[[ Material provided open ]]
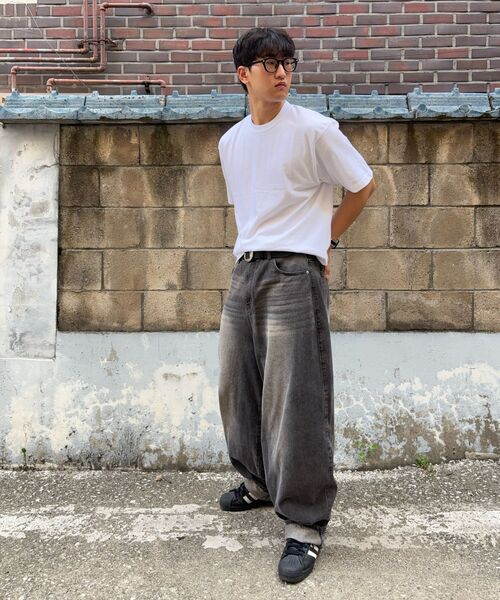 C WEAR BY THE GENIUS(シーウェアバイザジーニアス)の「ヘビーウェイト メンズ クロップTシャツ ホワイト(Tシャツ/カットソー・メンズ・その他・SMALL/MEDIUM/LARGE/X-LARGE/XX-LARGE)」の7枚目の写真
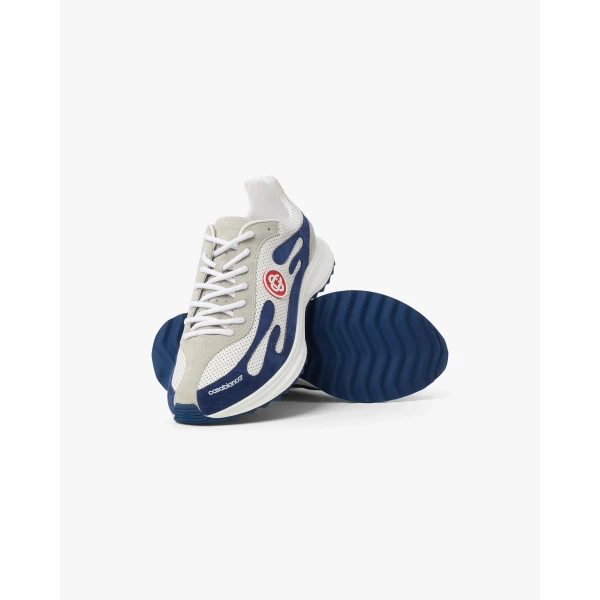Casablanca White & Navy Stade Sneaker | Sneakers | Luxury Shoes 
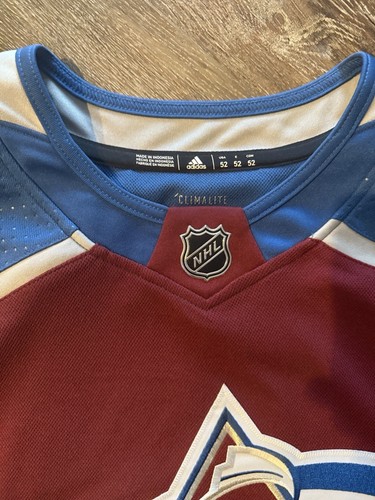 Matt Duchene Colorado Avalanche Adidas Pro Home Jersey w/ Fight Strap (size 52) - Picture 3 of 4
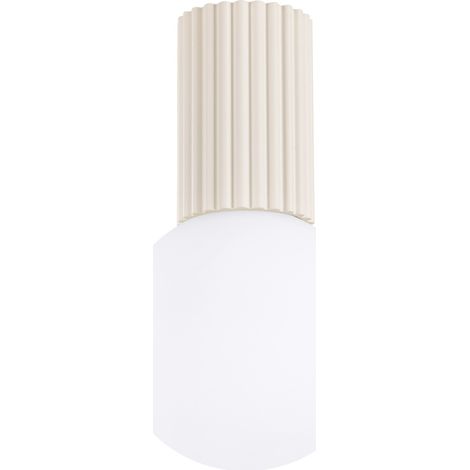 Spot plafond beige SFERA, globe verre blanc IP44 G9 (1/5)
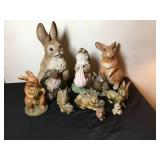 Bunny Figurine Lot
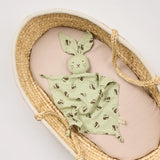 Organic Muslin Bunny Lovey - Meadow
[[ Material provided closed ]]
> [Exercise aim] The answer should be the full material above, printed exactly, with no pictures in it.

> [Reply]
 C WEAR BY THE GENIUS(シーウェアバイザジーニアス)の「ヘビーウェイト メンズ クロップTシャツ ホワイト(Tシャツ/カットソー・メンズ・その他・SMALL/MEDIUM/LARGE/X-LARGE/XX-LARGE)」の7枚目の写真
Casablanca White & Navy Stade Sneaker | Sneakers | Luxury Shoes 
 Matt Duchene Colorado Avalanche Adidas Pro Home Jersey w/ Fight Strap (size 52) - Picture 3 of 4
 Spot plafond beige SFERA, globe verre blanc IP44 G9 (1/5)
 Bunny Figurine Lot
 Organic Muslin Bunny Lovey - Meadow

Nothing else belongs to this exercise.